US regulators launched an investigationon Thursday into complaints by United States Steel Corp. that Chinese competitors stole its secrets and fixed prices, Reuters reported.
The International Trade Commission said in a statement that it has not made any decisions on the merits of the case.
US Steel, in its complaint under US tariff law, is seeking to halt nearly all imports from China’s largest steel producers and trading houses.
The commission identified 40 Chinese steelmakers and distribution subsidiaries as respondents, including Baosteel Group, Hebei Iron and Steel Group, Wuhan Iron and Steel Co.

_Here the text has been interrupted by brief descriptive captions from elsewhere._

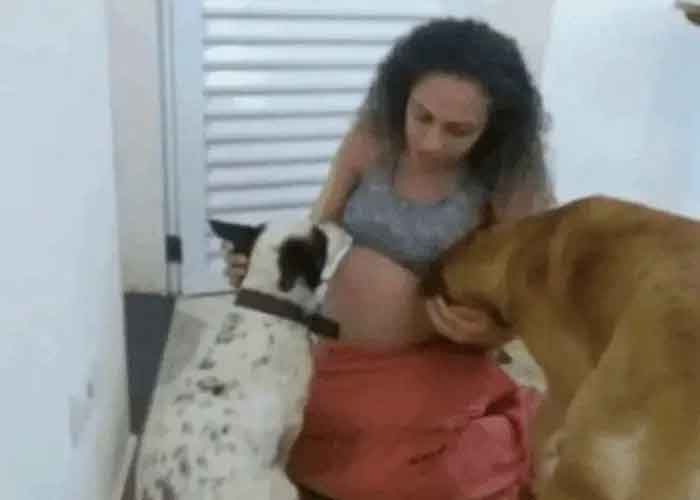 Pitbull mata a gemelas de mujer tras luchar 9 años para tener hijos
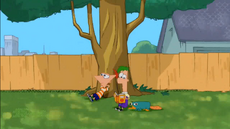 PF under a tree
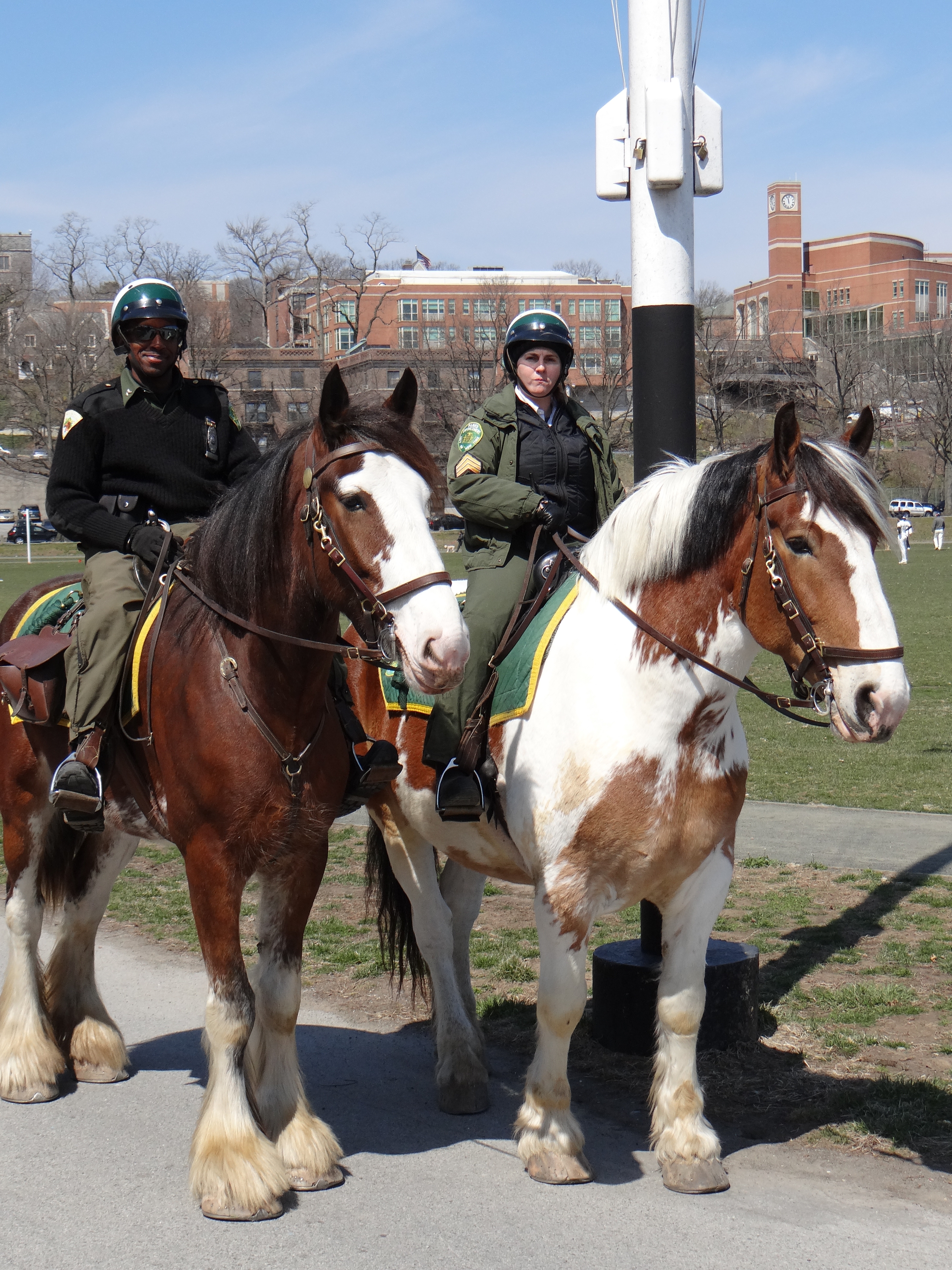 mounted Park police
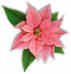 Stella di Natale rosa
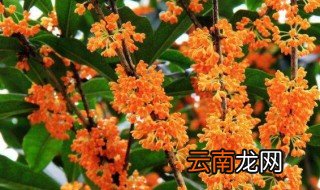 桂花树啥时候种最好 桂花树几月份种好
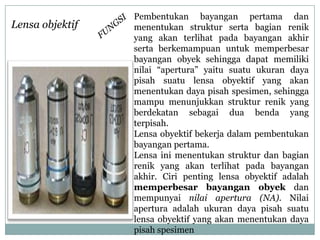 Pembentukan bayangan pertama dan
menentukan struktur serta bagian renik
yang akan terlihat pada bayangan akhir
serta berkemampuan untuk memperbesar
bayangan obyek sehingga dapat memiliki
nilai “apertura” yaitu suatu ukuran daya
pisah suatu lensa obyektif yang akan
menentukan daya pisah spesimen, sehingga
mampu menunjukkan struktur renik yang
berdekatan sebagai dua benda yang
terpisah.
Lensa obyektif bekerja dalam pembentukan
bayangan pertama.
Lensa ini menentukan struktur dan bagian
renik yang akan terlihat pada bayangan
akhir. Ciri penting lensa obyektif adalah
memperbesar bayangan obyek dan
mempunyai nilai apertura (NA). Nilai
apertura adalah ukuran daya pisah suatu
lensa obyektif yang akan menentukan daya
pisah spesimen
Lensa objektif
 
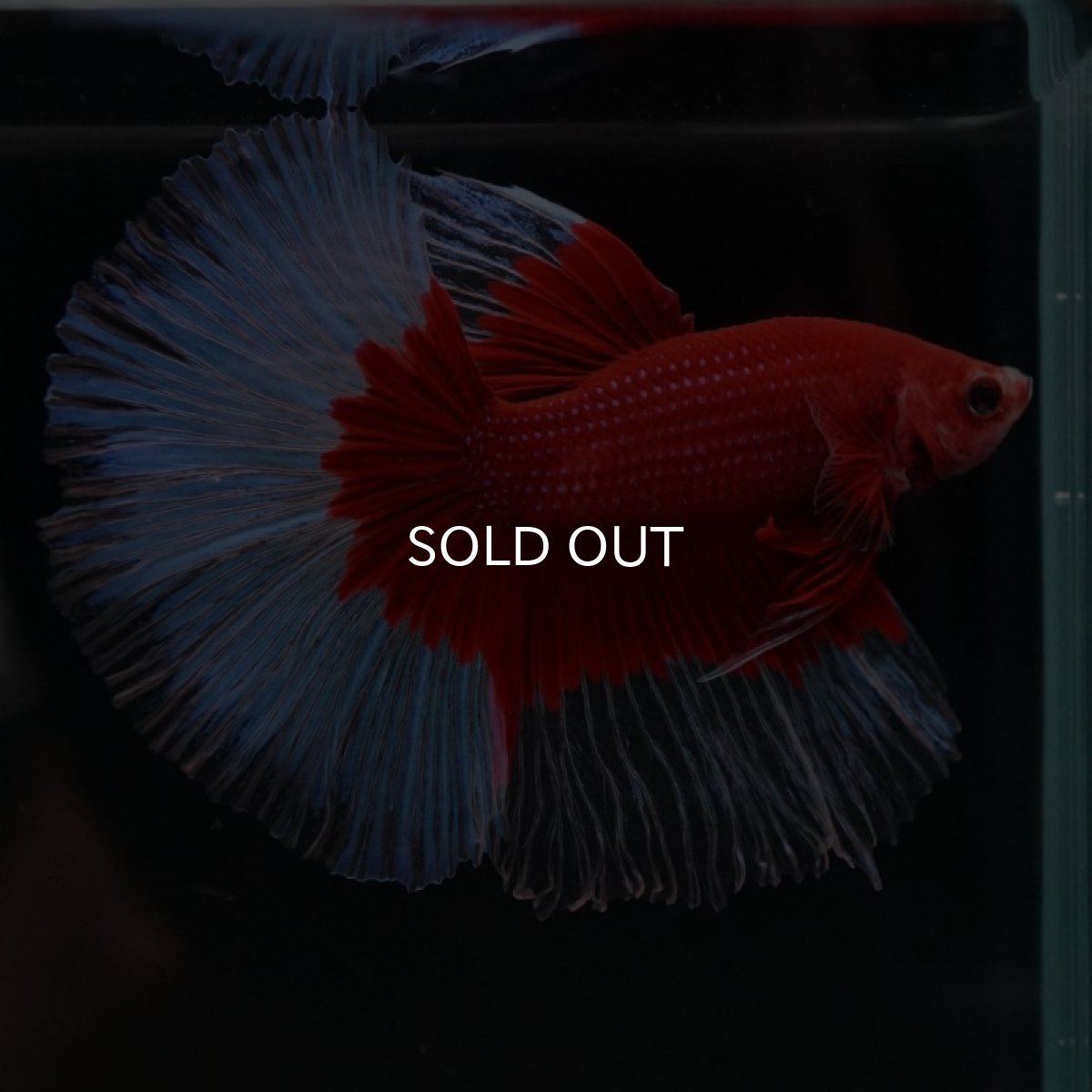 画像2: HM　レッドバタフライ (2)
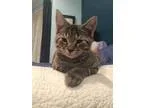 Adopt Kilauea a Brown or Chocolate (Mostly) Domestic Shorthair  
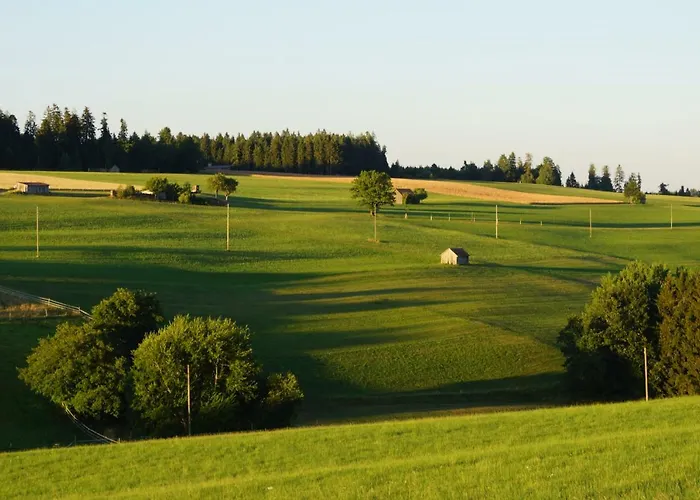 Bed & Breakfast Black Forest Freudenstadt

Ltd., Maanshan Iron and Steel Group, Anshan Iron and Steel Group and Jiangsu Shagang Group.
The probe comes amid a barrage of efforts by the US Commerce Department to clamp down on a glut of Chinese steel imports, including steep anti-dumping duties on corrosion-resistant steel announced on Wednesday.
US Steel filed its original complaint a month ago, alleging that it was a victim of a 2011 computer hacking incident that also prompted US federal cyberespionage indictments against five Chinese military officials in 2014.
The Pittsburgh-based steelmaker alleged the hackers stole research data on production techniques for a new generation of lightweight, high-strength steel now favored by automakers.
It said this accelerated Chinese competitor Baosteel’s ability to replicate the product, which took US Steel a decade to develop.
Chinese steelmakers and officials rejected the need for the probe, and steelmakers said they would contest any findings.
“The US steel industry has already lost its leading position, and there is nothing worth stealing,” said an executive with Maanshan Steel.